El-Rufai was brought before Justice Joyce Abdulmalik and faced a five-count amended charge. When the charges were read to him, he pleaded not guilty to all counts.

At the hearing, counsel to the DSS, Oluwole Aladedoye (SAN), informed the court that the matter was scheduled for the defendant to take his plea. He also revealed that the prosecution had filed a new amended five-count charge on April 13, asking the court to replace the earlier three-count charge.

The defence counsel, Oluwole Iyamu (SAN), confirmed receipt of the amended charge and raised no objection. The court subsequently struck out the initial three-count charge.

Following El-Rufai’s plea, the prosecution requested three consecutive days to begin trial. However, the defence objected, citing logistical challenges. Iyamu told the court that his client was currently in the custody of the Independent Corrupt Practices and Other Related Offences Commission (ICPC), which could make access to him difficult during the proposed trial period.

The defence also drew attention to a bail application filed on February 17. Although a supporting affidavit was initially missing from the court file, the issue was resolved after the matter was briefly stood down. The DSS stated it did not oppose the bail request.

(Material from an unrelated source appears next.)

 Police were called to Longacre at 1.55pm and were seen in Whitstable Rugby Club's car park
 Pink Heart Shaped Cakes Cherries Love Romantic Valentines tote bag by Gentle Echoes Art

Meanwhile, the prosecution applied for an order to protect the identities of two witnesses expected to testify. It requested that their names be concealed in public records and that pseudonyms be used during proceedings, citing security concerns and the potential risk to the witnesses’ families.

The defence opposed the request, arguing that it is the constitutional right of an accused person to know the identity of their accusers. Iyamu maintained that there was no evidence suggesting that El-Rufai posed any threat or had a following capable of endangering witnesses. He warned that granting anonymity could unfairly prejudice the defendant.

In addition, the defence asked the court to compel the prosecution to provide all relevant evidence needed to prepare for trial. The prosecution opposed this request, arguing that the documents sought were not part of the materials filed before the court.

The defence also informed the court of a separate application to quash the charges. Legal arguments followed, with the prosecution contending that such an application cannot be filed after a plea has already been taken. The defence responded on points of law.

Justice Abdulmalik is expected to rule on the various applications and adjourn the case for further proceedings.